Lost prosperity

Few things cause the eye to glaze over more than economic statistics, particularly when discussing all but incomprehensible sums in the billions and trillions of dollars.  There are two statistics which the public should be aware of more than others; they are

1) Gross Domestic Product (total economic output of the country); and

2) The Net Gross Domestic Product per Person (The GDP less the amount of government spending at all levels divided by the total population).

The Net GDP per person recognizes the impact of federal, state and local spending on the economy.

Ideally the net amount each citizen realizes of the GDP should increase every year adjusted for inflation.  That is an indicator of private wealth creation, higher personal incomes and a healthy economy.  Despite minor ups and downs the overall trend in an eight year period should always be on the positive side and normally has been over the past twenty-five years.
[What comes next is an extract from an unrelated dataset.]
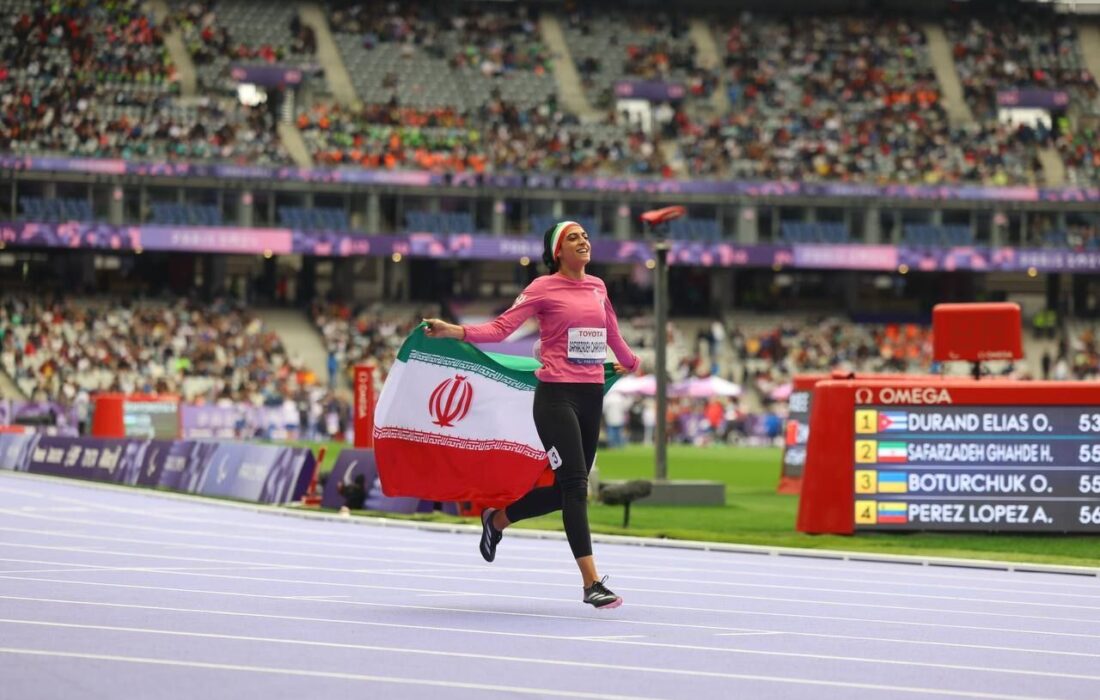 ترکیب تیم ملی پارادوومیدانی در قهرمانی جهان مشخص شد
However, in reviewing the actual and projected GDP data by the Congressional Budget Office,  combined with the actual and projected spending by the Federal, State and local governments for the period 2009 to 2014 shows negative private wealth growth due to dramatic increases in government spending.  The Net GDP per Person is predicted to be below calendar year 2000 for this 6 year period (2014 last available spending projection).   It is safe to assume, however, if spending is not dramatically reined in and if higher taxes do not further damage the economy, this trend will continue for many years to come beyond 2014.
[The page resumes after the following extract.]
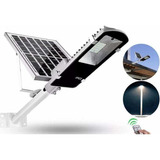 Lámpara Led Solar 150w Alumbrado Publico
Since these are projections of population growth, the Gross Domestic Product and overall government spending, the numbers are subject to change.  Historically the CBO and other government agencies tend to overestimate economic growth and underestimate spending and inflation.

For example, the CBO predicts an average GDP growth rate of 4.4% and an average unemployment rate of 6.8% for the years 2010 to 2014.  However a consensus of private economists  reveals an estimate of average GDP growth at 3.0% (2010 to 2014) and an unemployment rate in the double digit range through at least 2012.  With the pending heath care and other new spending   legislation in Congress, no can begin to accurately predict future government spending.
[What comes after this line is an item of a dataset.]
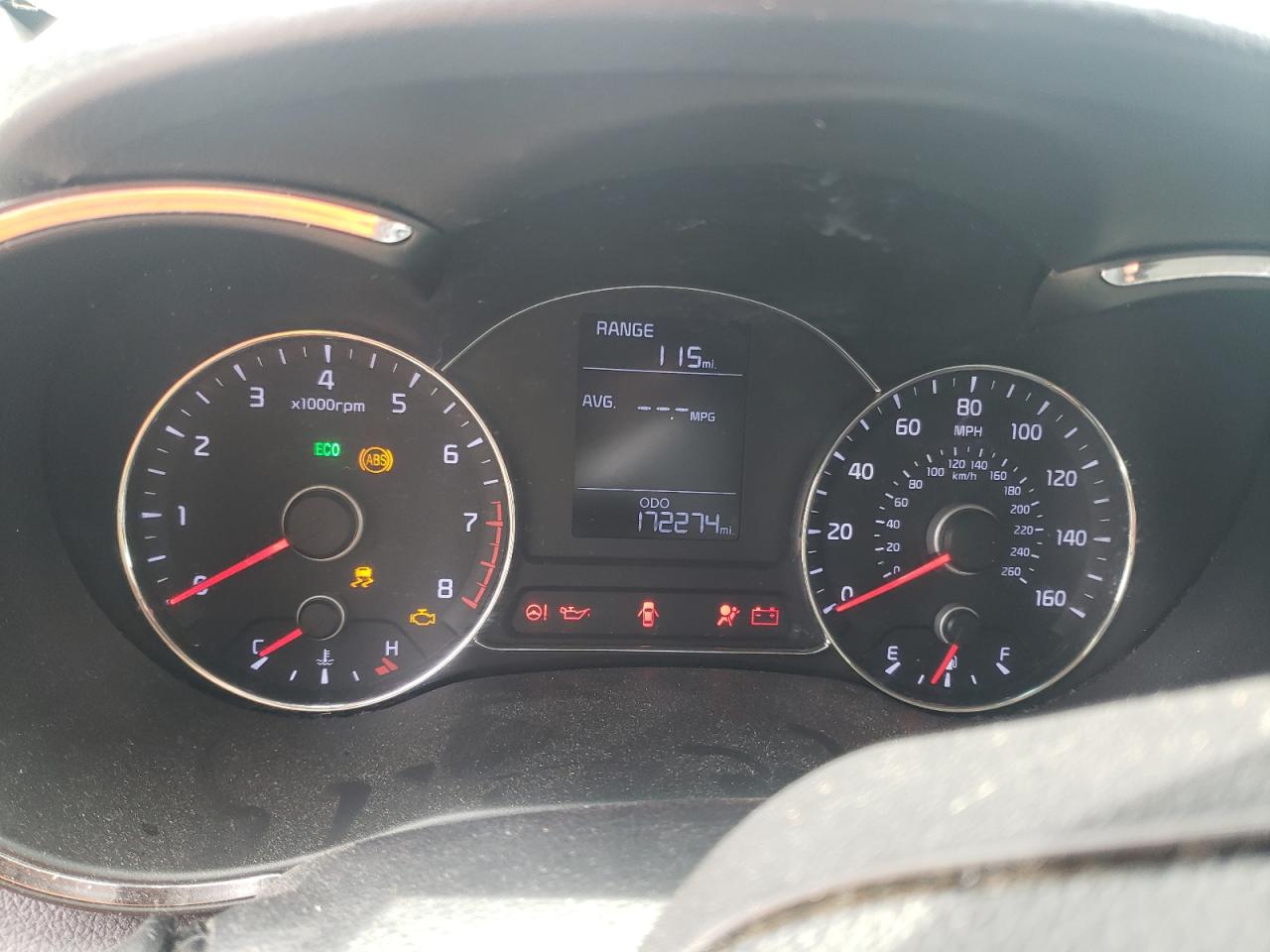 2015 Kia Forte Lx VIN: KNAFX4A6XF5269132 Lot: 60136675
The following chart shows the Net GDP per Person adjusted for inflation (calendar year 2000 as the base) for the period 2000 to 2014.

Blue Line---Government actual and projections      Red Line---Consensus private economists                                                                                                                                                

During the Bush presidency the country went through a recession and the devastating economic impact of 9/11 in 2001.  Yet, due pro-growth policies, the inflation adjusted Net GDP per Person showed overall growth during President Bush's time in office.

The apologists for the Obama Administration may try to say they are simply trying to work their way out of the economic debacle left to them by the Bush Administration; however, the government's own optimistic projections show their efforts will not work even over a six year period.

They may also attempt to argue that the higher government spending is in reality a redistribution of wealth.  That wealth must first be taken from the American people by way of taxes or borrowing, thus reducing the amount of capital available for business expansion and job creation as well as money to sustain retail spending.

 The end product of the redistributive argument can be seen in the economic stagnation of the countries of Western Europe.  The main reason these economies have not deteriorated further is due to the declining rate of replacement population growth.

The United States will experience a population growth of nearly 11 million people over the next five years.  Per the Bureau of Labor Statistics, the labor force will increase over 5.2 million during this same period requiring the economy to produce sufficient jobs for the new workers and recover the 7 million jobs lost since 2008.

This cannot be done if the economy is weighed down with the shackles of government spending and intrusion at the federal, state and local levels.

The country will never see the net GDP per person experienced in 2000 if policies such as Health Care Reform and Cap and Trade are enacted, taxes raised dramatically and nearly trillion dollar annual deficits are experienced for the next ten years. 

For the first time in our history future generations will be worse off than the present ones.  The Bush presidency could mark the peak of economic growth and prosperity in the 21st century.

This can be reversed, but it can only happen if the voting public becomes more aware of the current and prospective situation.  With that awareness become more engaged in the political process, stop being single issue voters and falling prey to the maxim that there is no difference between Republicans and Democrats.  Those current elected Republicans who fail to address the future of our country should be challenged in primaries. 

There is not the time for third parties to ascend to power sufficient to change the course we are on.  The next election cycle in 2010 may be the most important off-year election in our history.  Time is something we, as a nation, have little of.